With mechanical storage, the low level disk operation seek() causes the hard drive heads to move to a location so that they are ready to read from a given area of the disk.

With solid state storage, such as SD cards, flash drives and SSDs, there are no moving parts of the hardware, only electrical signals.

Assuming a NAND non-volatile RAM technology is the basis of the hardware, what function does a seek() actually perform at the hardware level for such a device?

Just to be clear, I already know that the following happens:

  1. Userspace program calls seek() system call or the OS-specific equivalent

  2. Kernel interprets system call and sends a message to the SATA controller to seek

  3. SATA controller interprets the command and tells the attached disk device, which is solid state, to seek (or maybe it's smart enough to recognize that it's solid state and doesn't even tell it??)

  4. What I don't know is, solid state device does ??? with the command to "seek".

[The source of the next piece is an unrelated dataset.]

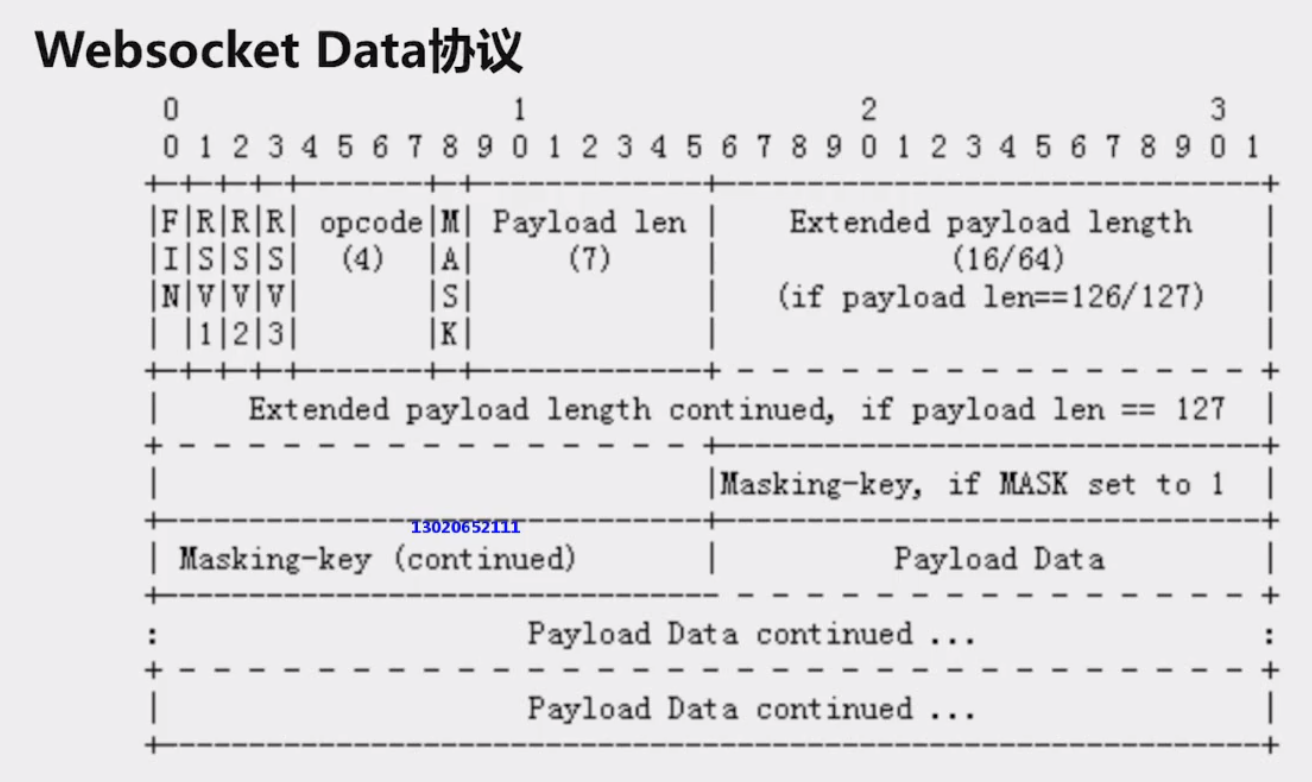 WebsocketData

If there are details that would depend on the operating system, assume a relatively standard desktop version of GNU/Linux with kernel version 3.2.

Best Answer

if you're referring to linux, seek still moves ahead the required number of bytes. For example:

dd if=/dev/zero of=/dev/sdb bs=512 SEEK=2

Will start copying zeros 1024 bytes into the start of a disk, it doesn't matter if sdb is an sd card or ssd drive, because of a little thing called abstraction the actual mechanics of this is taken care of at a lower level.

Update

I see what you're saying now. Following my sd card example, flash memory uses something called pages, and the pages come in a particular size. when a seek comes, the OS sends the command to the sd card/ card controller to move to a certain page for reading and writing.